Başvurucuların ise dosyadaki tanık ya da tanık beyanı niteliğindeki hiçbir bilgiden haberdar edilmesi, tanık delilini ve tanık beyanı niteliğindeki sair delilleri incelemesi ve dahi tanık sunmaları mümkün olmamaktadır. Gerek ihracın yöntemi sürecinde gerekse komisyon karar alma sürecinde adil usul işletmediğinden, esaslı bir delil aracı olarak tanıklık müessesesi de bu durumdan payını almıştır.

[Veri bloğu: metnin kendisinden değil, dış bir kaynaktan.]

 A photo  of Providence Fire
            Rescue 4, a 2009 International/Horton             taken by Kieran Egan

Sonuç olarak Komisyon, tüm bu kararlara ve temel içtihadı karar olan Le Compte kararına aykırı biçimde, hiçbir adil yargılama mekanizması işletmeyerek, etkisiz bir prosedür yolu olmuştur.

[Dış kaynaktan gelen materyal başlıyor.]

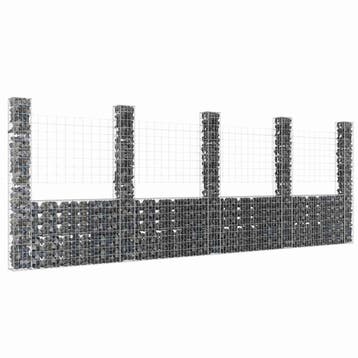 vidaXL Schanskorf U-vormig met 5 palen 500x20x200 cm ijzer, Verzenden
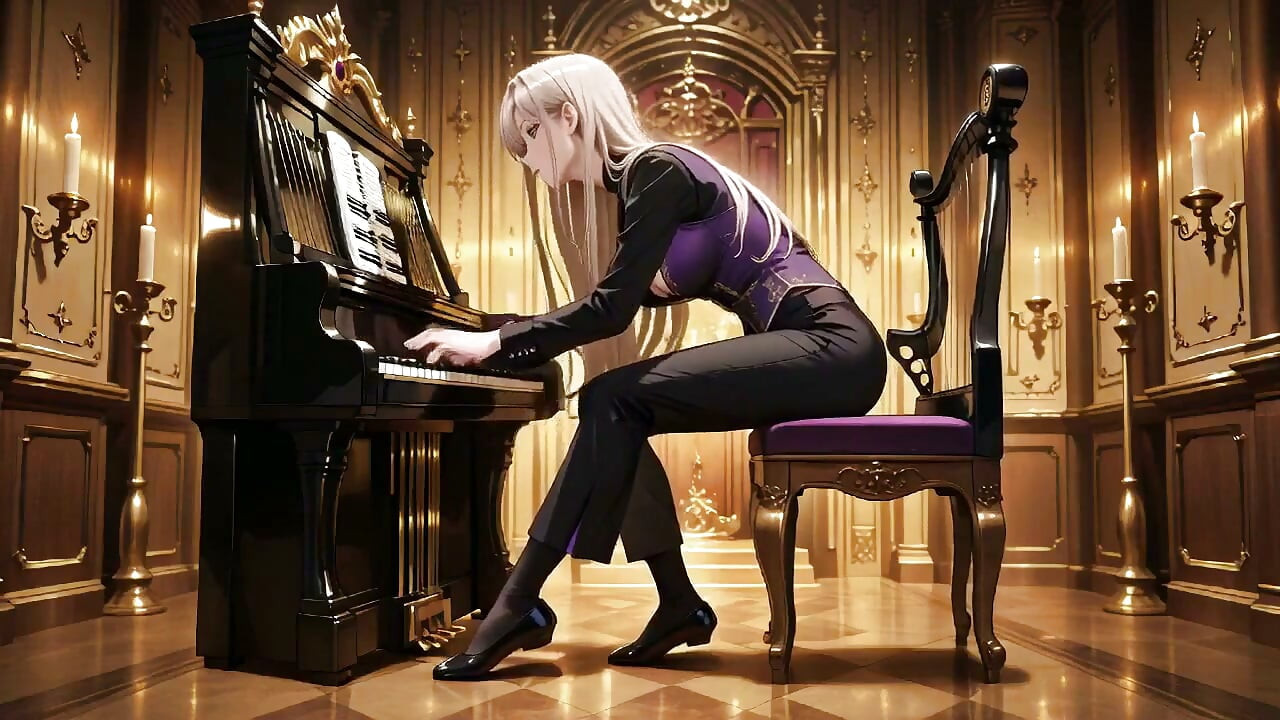 Blonde Queen in Purple Court Uniform! Lazy on the Throne, Eyes Full of Lust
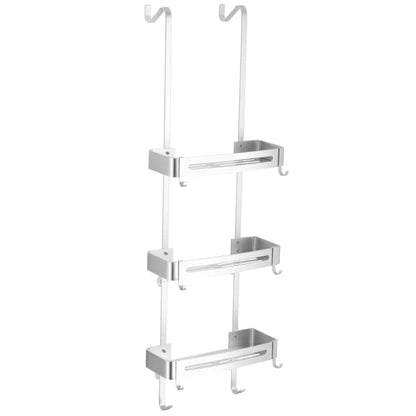 Sleek No-Drill Dual-Layer Shower Organizer Shelf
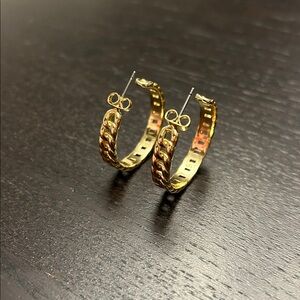 Electric Picks Gold Esquire Hoop Earrings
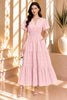 Pink Brick Short Sleeve Tiered Midi Dress
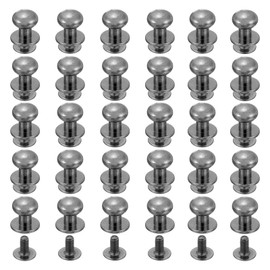 QUARKZMAN Pack of 30 8 mm Chicago Screws Round Head Button Leather Craft Rivets for DIY Leather Craft Decoration Handbag Shoes Belt Repair, Metallic Black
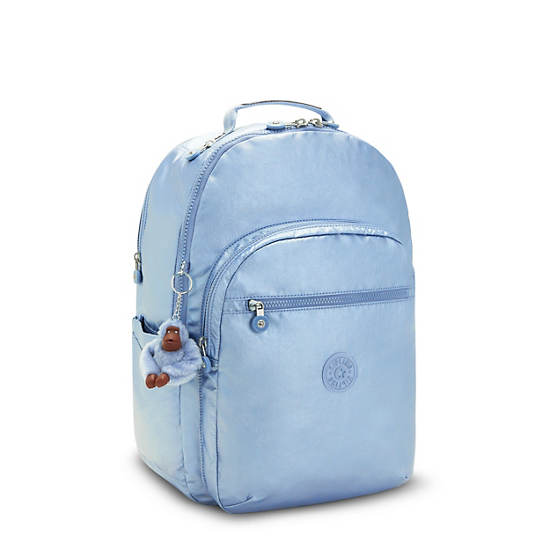 Seoul Extra Large Metallic 17" Laptop Backpack, True Blue Grey, large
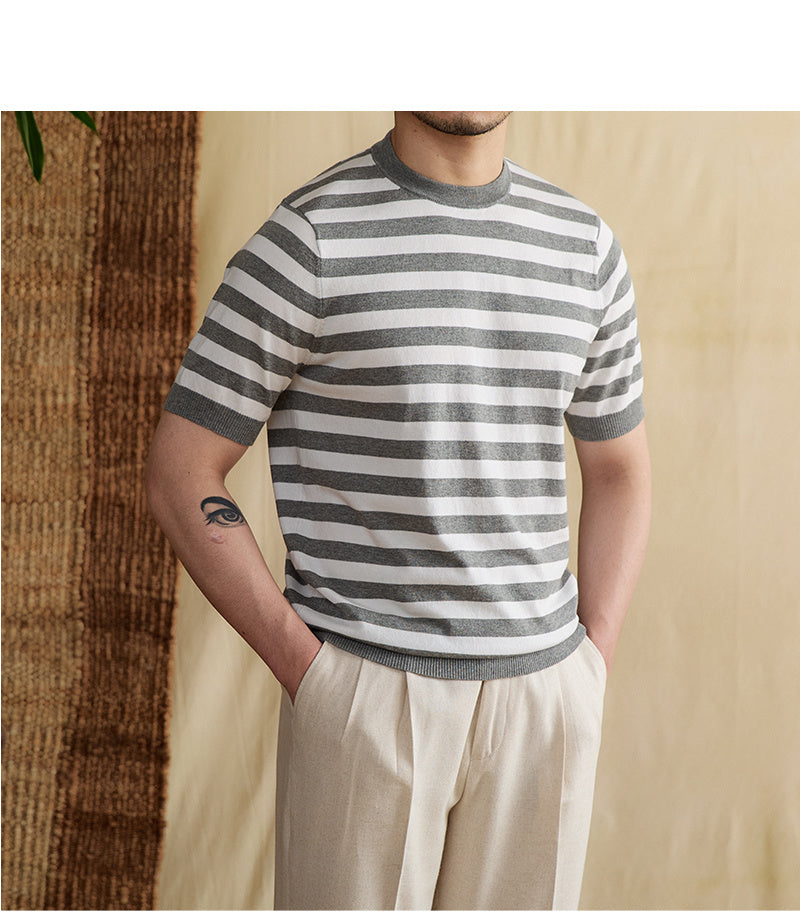 T-shirt à manches courtes et col rond en coton Tencel respirant à rayures bleu marine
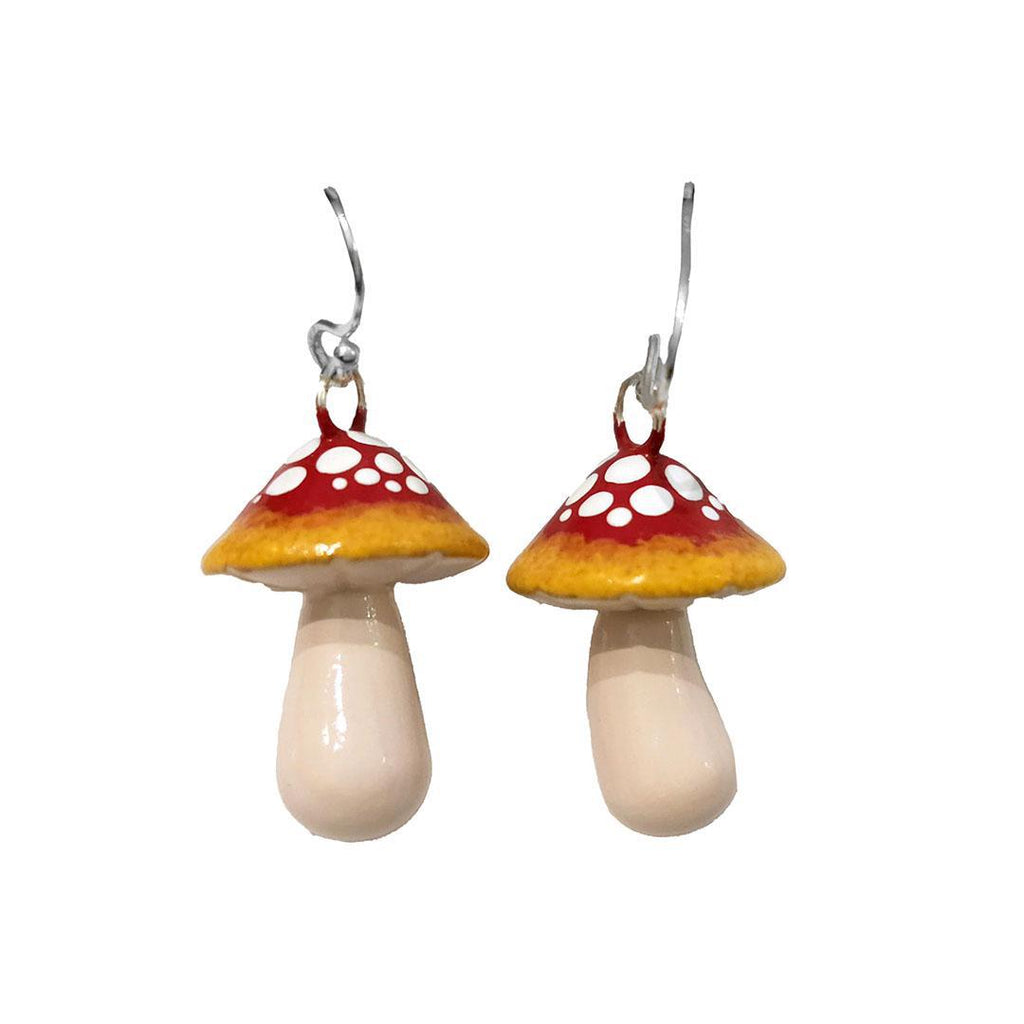 Earrings - Large Red Mushroom Drops by Mariposa Miniatures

Demek ki Komisyon kararlarındaki “cezai sorumluluktan bağımsız değerlendirme” yaklaşımı AİHM hukukuyla taban tabana çelişik vaziyetedir. Mahkeme bilakis, esas hakkında bir ceza yargılaması kararı olmaksızın idari cezai disiplin –üstelik de memuriyete son verme biçiminde- tesisini ihlal olarak görmektedir.
Belirtilmelidir ki, “Sözleşmenin 6/2 fıkrası aynı zamanda “şüpheden sanık yararlanır” – dubioproreo – ilkesini de içerir. İspat yükünün iddia makamından sanığa geçirilmesi masumiyet karinesini ihlal eder.” (Telfner-Avusturya)
İhraç müeyyidelerinde suçluluğun kural, masumiyetin ispat edilmesi gereken olgu olduğu yönündeki fiili duruma ve yukarıdaki açıklamalarımıza bu bağlamda da dikkat çekmek isteriz. OHAL Komisyonu bu tersine suçluluk karinesini KHK’lara paralel olarak sürdürmektedir.
Masumiyet karinesinin bir alt başlığı da İSNAT EDİLEN SUÇU ÖĞRENME hakkıdır. Bu hakkın yerine gelmiş sayılması için ise, “isnadın mahiyeti ve sebebi hakkında detaylı bilgilendirme, SUÇ FİİLLERİNİN yerinin ve zamanının gösterilmesi” gereklidir.
Nitekim Mattoccia/İtalya kararında AİHM “isnat edilen suçun maddi olayları hakkında yeterince bilgilendirilmeme” haline ihlal kararı vermiştir.
Sonuç olarak;
OHAL İnceleme Komisyonu, OHAL hükümeti ile Avrupa insan hakları hukuku kurucuları ve uygulayıcıları arasında bir mutabakat olarak kurulmuştu. Ancak Avrupa insan hakları hukukunun içtihadi hiçbir kuralını karşılamayan komisyonun karar verme usulü, etkisiz bir yol olduğunu ve Adil Yargılanma Hakkı ile türev haklarını ihlal etmek üzerine kurulu olduğunu göstermektedir.
Bu aşamada meseleyi hukukteknik alanından hukukpolitik alanına doğru getirelim… Bu bağlama en iyi anlama olanağı verecek başlık, ABD 11 Eylül sonrası güvenlik devleti sürecinden devralınan Avrupa’daki yeni Terör Hukuku tanımlamaları, yeni kolluk soruşturması ve yeni bilişim ceza hukuku sistemlerini yaratan Avrupa OHAL’leri olacak…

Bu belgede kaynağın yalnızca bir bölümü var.